Work task: Set down the data again exactly. Pictures are not part of the copy.

Input data:
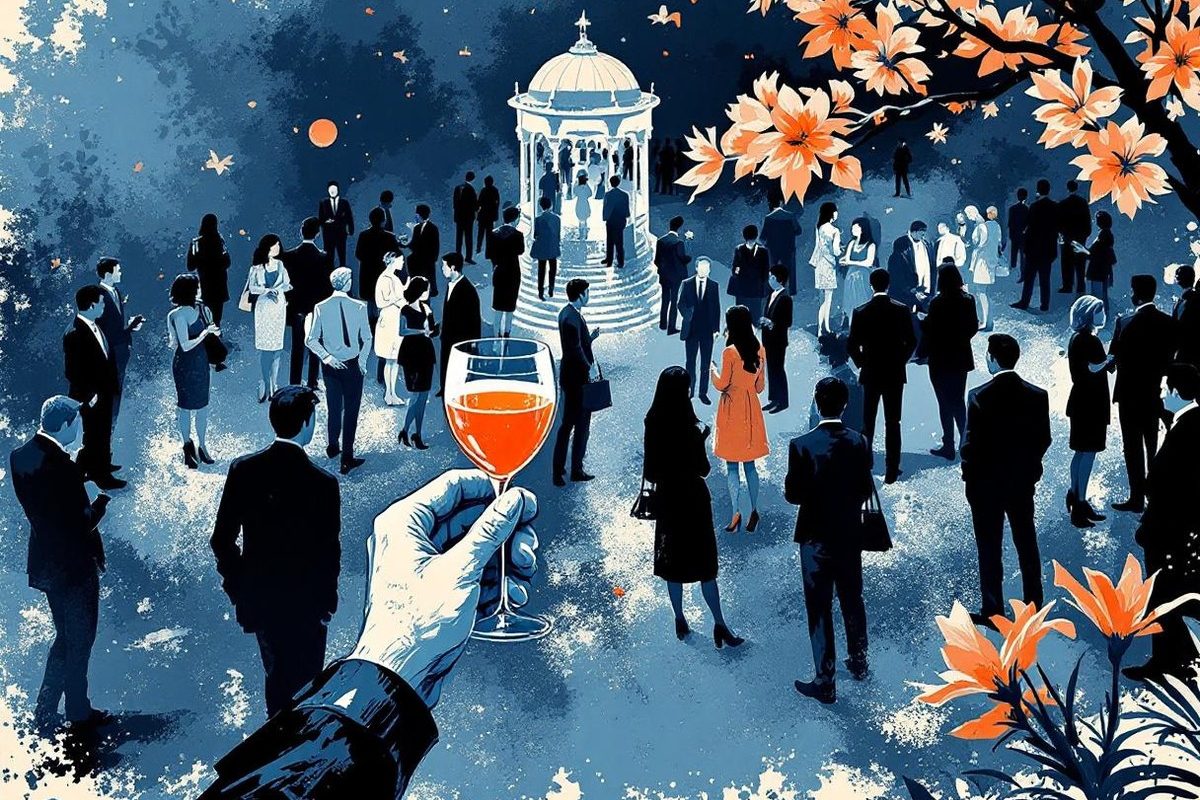 Formal outdoor evening reception with silhouetted professionals mingling near a gazebo, wine glass in the foreground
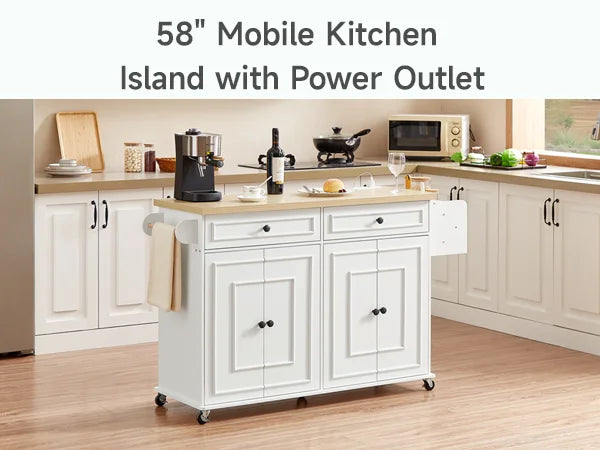 Mobile Kitchen Island With Drop Leaf And Power Outlet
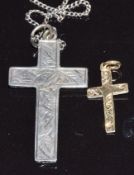 Silver cross pendant, Chester 1911 and 9ct gold cross pendant, 0.5g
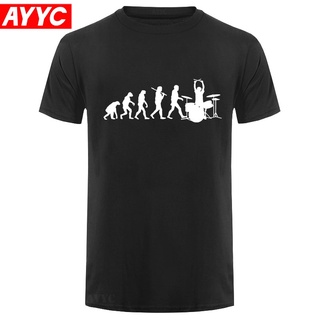 เสื้อยืดแขนสั้น พิมพ์ลายกลองตลก Evolution of A Drummer Drumming สําหรับผู้ชายS-5XL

Answer to this exercise:
 Formal outdoor evening reception with silhouetted professionals mingling near a gazebo, wine glass in the foreground
 Mobile Kitchen Island With Drop Leaf And Power Outlet
 Silver cross pendant, Chester 1911 and 9ct gold cross pendant, 0.5g
 เสื้อยืดแขนสั้น พิมพ์ลายกลองตลก Evolution of A Drummer Drumming สําหรับผู้ชายS-5XL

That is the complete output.